Copy the entries exactly. Their pictures do not belong in the copy.

Working data below:

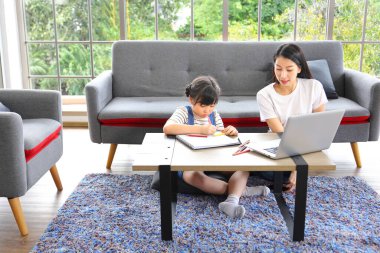 Asyalı anne evde bilgisayarla çalışırken kızının evde eğitim ve eğitim konsepti için okuldan sanat sınıfı ödevi yapmasını izliyor.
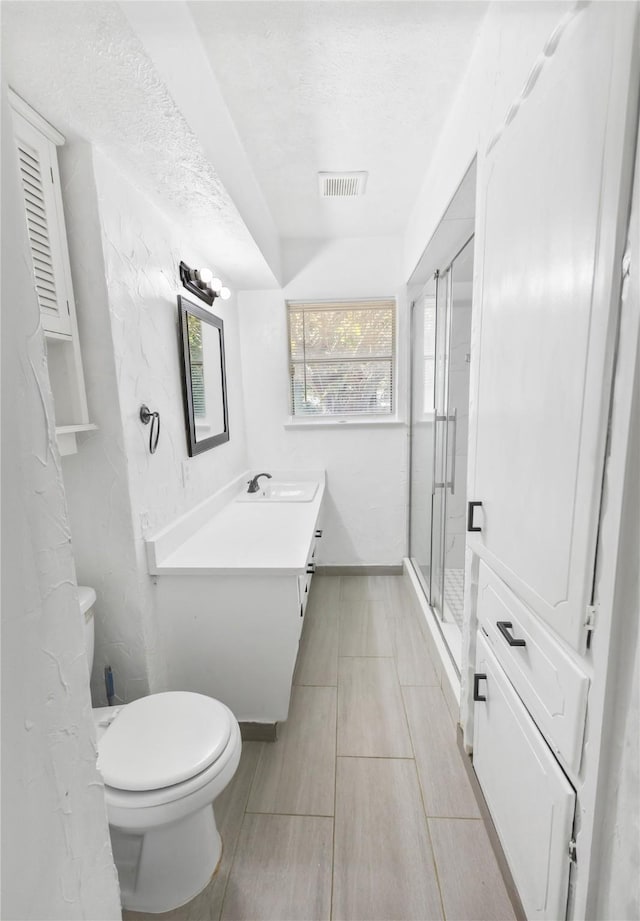 bathroom featuring vanity, a shower with shower door, a textured ceiling, and toilet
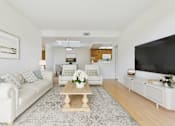 Thumbnail 5 of 17 - A living room with a white couch, a coffee table, and a television.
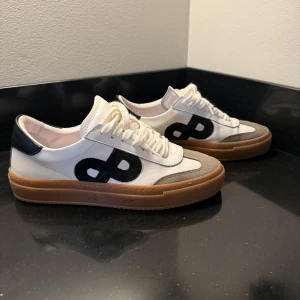 Vita sneakers med svart detalj - Säljer ett par snygga vita sneakers med svart detalj på sidan och beige mocka vid tån. De har en brun sula och vita snören. Perfekta för en casual look och passar till det mesta i garderoben.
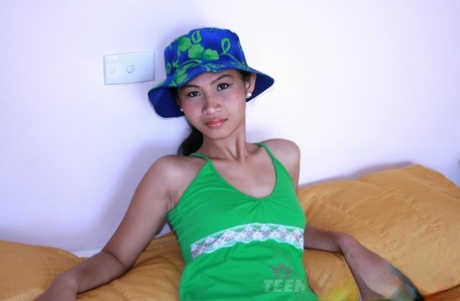 Skinny Filipina teen gets naked on a bed while wearing a bucket hat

End of Working data.

**Completed task:**
 Asyalı anne evde bilgisayarla çalışırken kızının evde eğitim ve eğitim konsepti için okuldan sanat sınıfı ödevi yapmasını izliyor.
 bathroom featuring vanity, a shower with shower door, a textured ceiling, and toilet
 Thumbnail 5 of 17 - A living room with a white couch, a coffee table, and a television.
 Vita sneakers med svart detalj - Säljer ett par snygga vita sneakers med svart detalj på sidan och beige mocka vid tån. De har en brun sula och vita snören. Perfekta för en casual look och passar till det mesta i garderoben.
 Skinny Filipina teen gets naked on a bed while wearing a bucket hat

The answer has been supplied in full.